By travelling south, passengers could transfer to the Northern Pacific Railway and voyage to the west coast, all in competition with the CPR. In Winnipeg the NP&M chose the forks of the Assiniboine and Red Rivers to build its station, engine house, and roundhouse. By 1901, however, financial woes befell the little line and it was taken over by the ambitious rail builders William McKenzie and Donald Mann, who were then cobbling together their Canadian Northern Railway network.
When the GTP and CNo built its magnificent Union Station in Winnipeg in 1911, the former NP&M station became an immigration hall. Later redesigned, the old NP&M engine house then became the Bridges and Structures Building. With the development of the Forks, it was transformed into the Manitoba Children’s Museum and forms part of the revitalization project. Adjacent to today’s children’s museum, the Johnson Terminal is the new home of what were once the GTP and the NP&M stables.
The Northern Alberta Railway
As the Peace River area began interest farmers, a rail line was needed into that northwestern area. When the Edmonton, Dunvegan and British Columbia Railway (ED&BC) was chartered in 1907, it was intended to go through Dunvegan and trace the various river valleys to Fort George, British Columbia. But, instead of reaching Dunvegan, it went as far as Spirit River and then branched off to Grande Prairie, and from there it pushed through to Dawson Creek. Shortly after the province chartered the ED&BC line, it also chartered the Alberta and Great Waterways Railway to build to the forks of the Clearwater and Athabasca Rivers — a route that was eventually completed by the ED&BC. In 1925 the town of Waterways was laid out. Today, it’s a suburb of Fort McMurray.
A former rail car sits in front of the GWWD station in St. Boniface, Manitoba.
Then, in 1913, the Alberta government chartered yet a third line, the Canada Central line, to build from near McLennan to Peace River Crossing. The three lines then worked together until financial constraints forced the government to take over all three. In 1928 the lines were taken over by the CPR and CNR, who called line the Northern Alberta Railway. In 1981 that line was assumed solely by the CNR.
In 1962 the Canadian government began constructing the Great Slave Lake Railway from Roma to Hay River on Great Slave Lake — a distance of some 520 kilometres. The Alberta Resources Railway was completed by the Alberta Government in 1969 and runs for thirty-two kilometres, from Hinton to Grande Prairie.
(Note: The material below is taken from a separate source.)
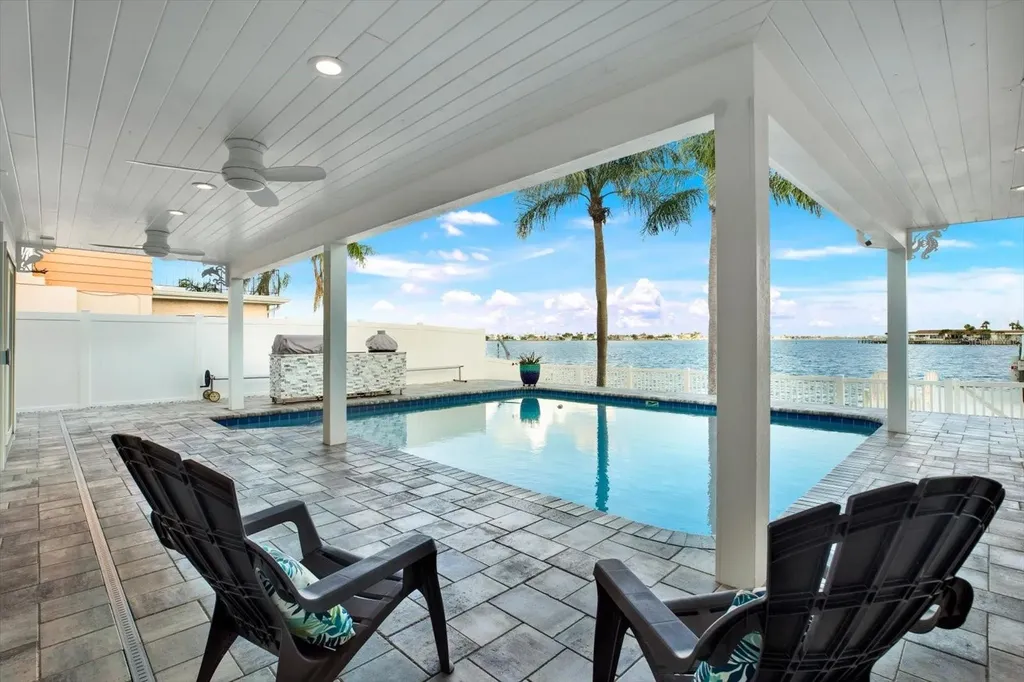 11577 48th Avenue N St Petersburg FL 33708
The Greater Winnipeg Water District Railway
The Greater Winnipeg Water District Railway (GWWD) enjoys a long and significant history in the annals of Manitoba railways. To supply water to the booming city of Winnipeg, the Government of Manitoba proposed to build an aqueduct to the parched city from Shoal Lake near the Ontario border. The GWWD railway was built in 1919 to service the aqueduct, and it still does. The 180-kilometre-long railway carried passengers — settlers in the early years and cottagers later on — and a wide range of freight including mail, milk, sand and gravel, and farm produce.
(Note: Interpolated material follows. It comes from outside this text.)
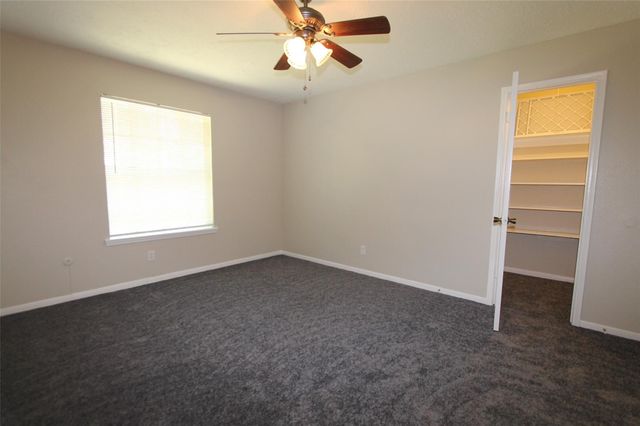 119 Brownell Street S, La Porte, TX 77571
There were a small number of stations along the way, with names like Braintree, Waugh, Haddashville, and Millbrook, some of which survive in different locations. Now owned by the City of Winnipeg, the GWWD is considered to be the world’s longest industrial rail line, operating three diesels for the sole purpose of maintaining the aqueduct.
The “Rimby Line”
Occasionally, farmers had to take things into their own hands. When no railway seemed prepared to extend tracks north from Lacombe, Alberta, to Rimby, the local farmers started one of their own. Although they obtained their charter in 1909, construction did not begin until 1913, and it took another eight years, due to the intervening war, to reach Rimby. In 1922 the CPR took over the line and completed a loop through Breton, eventually reaching Leduc in 1931. There is a CPR portable station — originally located in Tees — in the Paskapoo heritage village in Rimby, and this represents the type of station that would have stood in the town. A caboose stands beside it.
Watering the West
In 1903 the Government of Canada transferred over the last of the land it had promised to the CPR. The difficulty was that much of the 1.2 million hectares lay within what early surveyor John Palliser called nothing more than an extension of the American desert, noting that it was a “region of arid plains devoid of timber or pasturage of good quality.” The region became known as the “Palliser Triangle.”
West of Calgary, the prospects seemed equally dim. Here, in 1905, the CPR created a 2.5-square-kilometre reservoir — known as Chestermere lake — on the Bow River and in 1910 established a system of secondary canals. In 1944 the area was transferred to a local farmers’ organization known as the Western Irrigation District, but the bigger challenge still lay to the east, in the Palliser Triangle.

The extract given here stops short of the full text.